Streaming data from BigQuery with TypeScript, Fast!

📅 Published: Thomas Queste

How to read from BigQuery in the fastest possible way? Let’s explore three different ways, from normal to the fastest one I know.

TL;DR

  • Fastest: stream using BigQuery Storage and Avro
  • Faster: stream using BigQuery Storage and Arrow
  • Normal: plain BigQuery stream
  • BigQuery Storage has some important limits (see below)

Code samples

I provide here some functions, written in TypeScript.

It should not be hard to convert to Python or other, given Google provides the Client in that language.

Start: no streaming at all

For a start, given a few thousand rows to read, get them directly without any streaming shenanigans.

Be careful with memory consumption though because we load a bunch of data at once.

import { BigQuery } from "@google-cloud/bigquery";

type Row = {
  name: string;
}

export const read = async (bigQuery: BigQuery): Promise<Row[]> => {
  const query = `
    SELECT name
    FROM person
    ORDER BY name ASC
  `;

  const [job] = await bigQuery.createQueryJob({query});
  const [rows] = await job.getQueryResults();
  return rows as Row[];
}

Regular streaming

Let’s go for streaming!

Here we get rows one by one, lowering memory usage, thus being more efficient.

With that method, you have access to any SQL query you want, which will not be the case with the other streaming methods below.

Notice BigQuery’s createQueryStream() returns a ResourceStream which is a kind of AsyncGenerator.
And we need to cast it to ResourceStream<Row> because the thing does not accept a Generic sadly, and is any by default.

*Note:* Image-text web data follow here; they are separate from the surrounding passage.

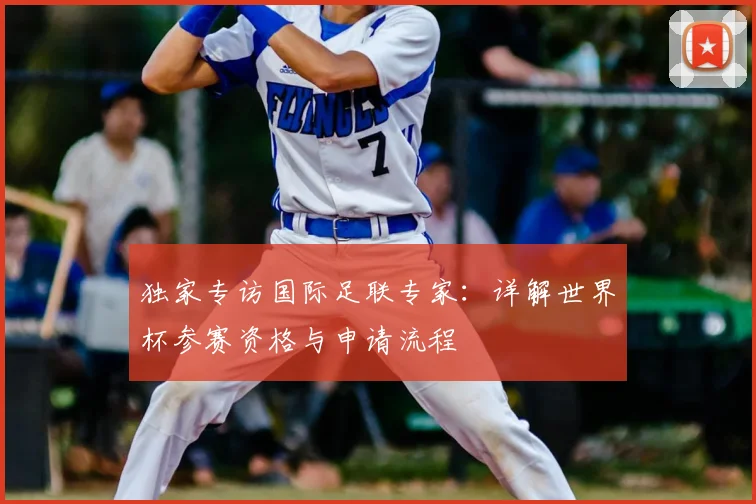 独家专访国际足联专家：详解世界杯参赛资格与申请流程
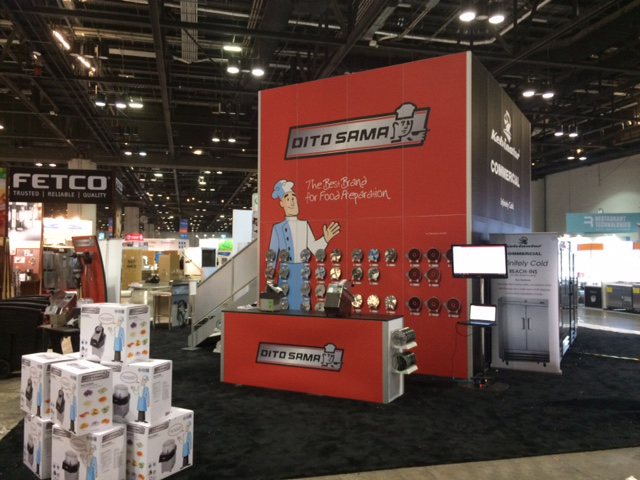 NAFEM 2017 Dito Sama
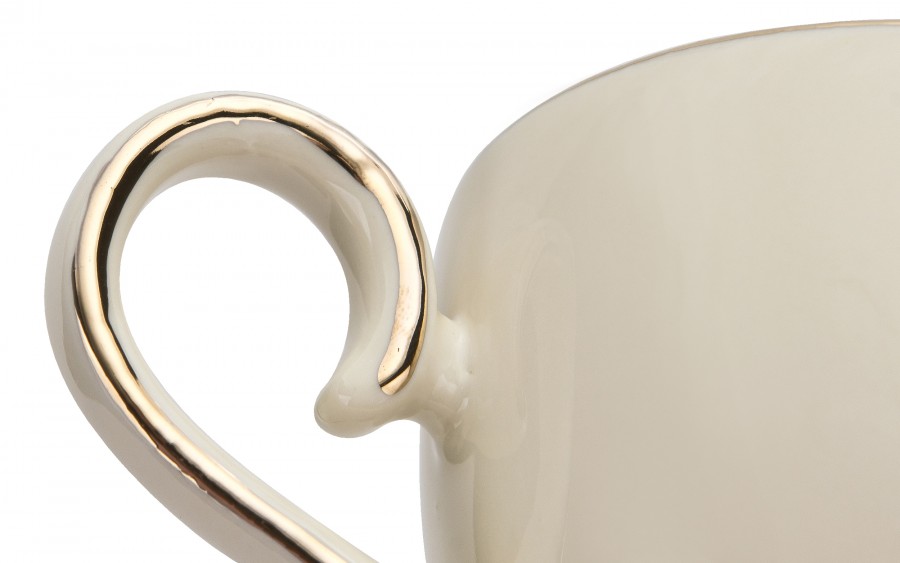 Komplet 2 filiżanek do espresso 150 ml Victoria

import { BigQuery } from "@google-cloud/bigquery";
import { ResourceStream } from "@google-cloud/paginator";

type Row = {
  name: string;
}

export const read = (bigQuery: BigQuery): ResourceStream<Row> => {
  const query = `
    SELECT name
    FROM person
    ORDER BY name ASC
  `;

  return this.bigQuery.createQueryStream({ query }) as ResourceStream<Row>;
}

BigQuery Storage

BigQuery Storage is another way to read (and write) from/to BigQuery.

BigQuery Storage API does not provide functionality related to managing BigQuery resources such as datasets, jobs, or tables.

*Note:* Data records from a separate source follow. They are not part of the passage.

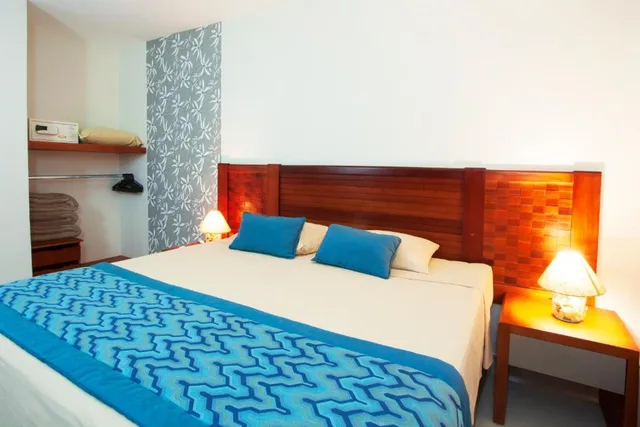 Master, Park, Suite, Quadruple، Rio Quente Resorts - Hotel Luupi 1/2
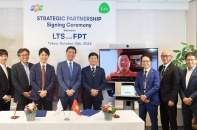 FPT trở thành cổ đông chiến lược của “ông lớn” công nghệ thông tin Nhật Bản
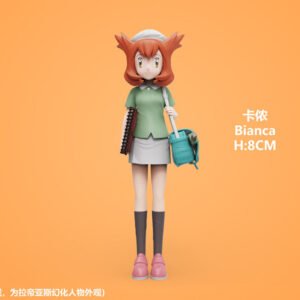 [PREORDER] 1/20 Scale World Figure [UNOVA] - Bianca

When you use the Storage Read API, structured data is sent over the wire in a binary serialization format. This allows for additional parallelism among multiple consumers for a set of results.

Documentation:

In theory, BigQuery Storage will fill our performance need, providing a newer and faster approach to reading.

In short:

  • Faster reads that traditional streaming
  • Some sort of read parallelism
  • Some important limits (see limits below)

Limits

1. Only read one table, no query, nor a view

The only thing you can stream is a Table!

From what we know, technically, BigQuery Storage streams the “files” containing the data. Thus, it cannot “join” files. Forget any fancy SQL query. 😢

Also, forget to be smart. It cannot also stream a View 😿 (as we are streaming “files” at the end).

Still, two things can restrict the data:

  • selectedFields list the columns to read, eg. selectedFields: ["name", "age"]
  • rowRestriction is a kind of WHERE clause, eg. rowRestriction: "name IS NOT NULL and age >= 18"

2. Session time

To read, you open a “read session.” This session is opened for 6 hours, and will be closed eventually by BigQuery.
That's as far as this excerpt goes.